First, a very strange conglomeration of teddy bears and pigeons and cars at the seaside set to some horrifyingly infectious music; the thing starts out very chipper and adorable--teddy bear waves hello!--and soon takes a violent turn (teddy bear batters pigeon with a light standard and then gets hit by a car), later becoming rather Dada with, eventually, a healthy dose of Escher. As it gets more and more complex, sort of like that Kylie Minogue video taken in a freakish and sinister new direction, it shovels increasingly enormous amounts of data into your head, and while I was sitting watching and listening to it, with a fan blowing at me (it was a warmish day) and the smell of a new perfume (one I'm trying to write about) wafting in my nostrils, I came as close as I have ever come to total sensory overload, which was a little scary but also very exciting.

And then the newest Lady Gaga video, "Telephone". I don't care if you don't like her. Watch it with the sound off, if you must. It's a hell of a thing, art-directed out to Jesus and back, referencing dozens of American movies--it's like something Quentin Tarantino would have made if he were gay.

Actually, as it turns out, I do have something to say about the sort of thing I usually have something to say about, because it occurred to me while thinking about that first video that even if you didn't know the source of it, you could guess that the word "pigeon" would absolutely have to be French.
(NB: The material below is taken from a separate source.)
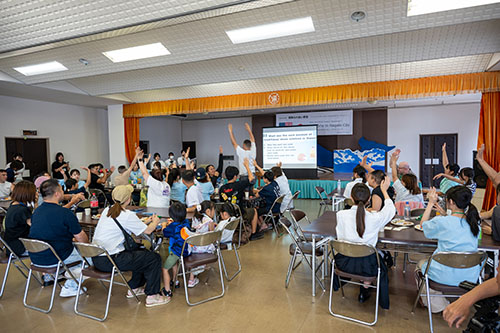 クイズ大会を楽しむ参加者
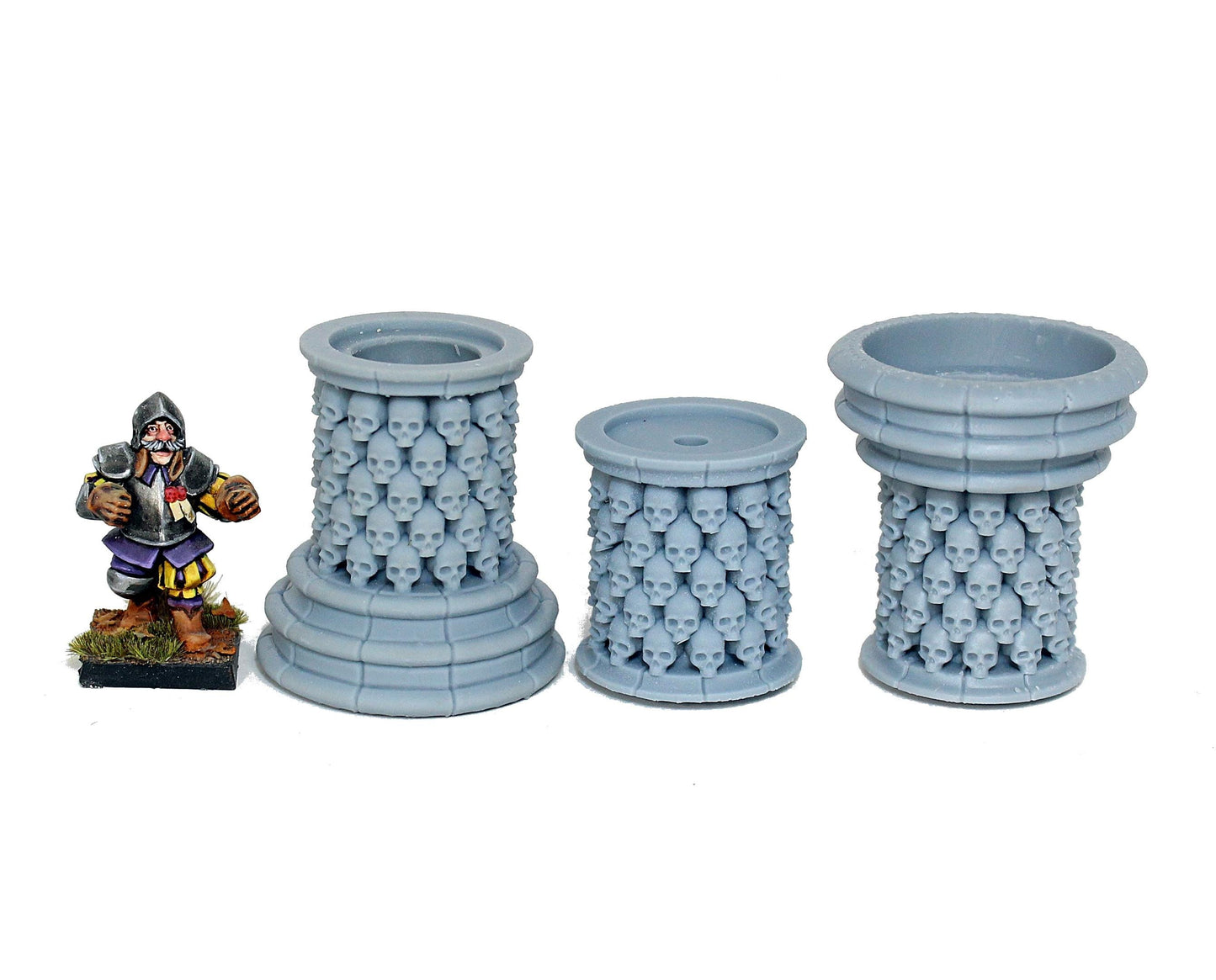 Column of Skulls, Fantasy Skirmish Miniatures by MoM Miniatures, perfect for Fantasy Wargames and RPGs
You can just tell. And of course it is. But here's what's interesting: before we stole "pigeon" from the French, we had another word for the bird, one which I had never heard before: "culver". In Old English it was "culufre", which looks French but actually isn't, although from the look of it, it must surely have been influenced by French spellings: that word comes from Latin "colomba", the Latin word for "dove" or "pigeon" (which is a sort of dove).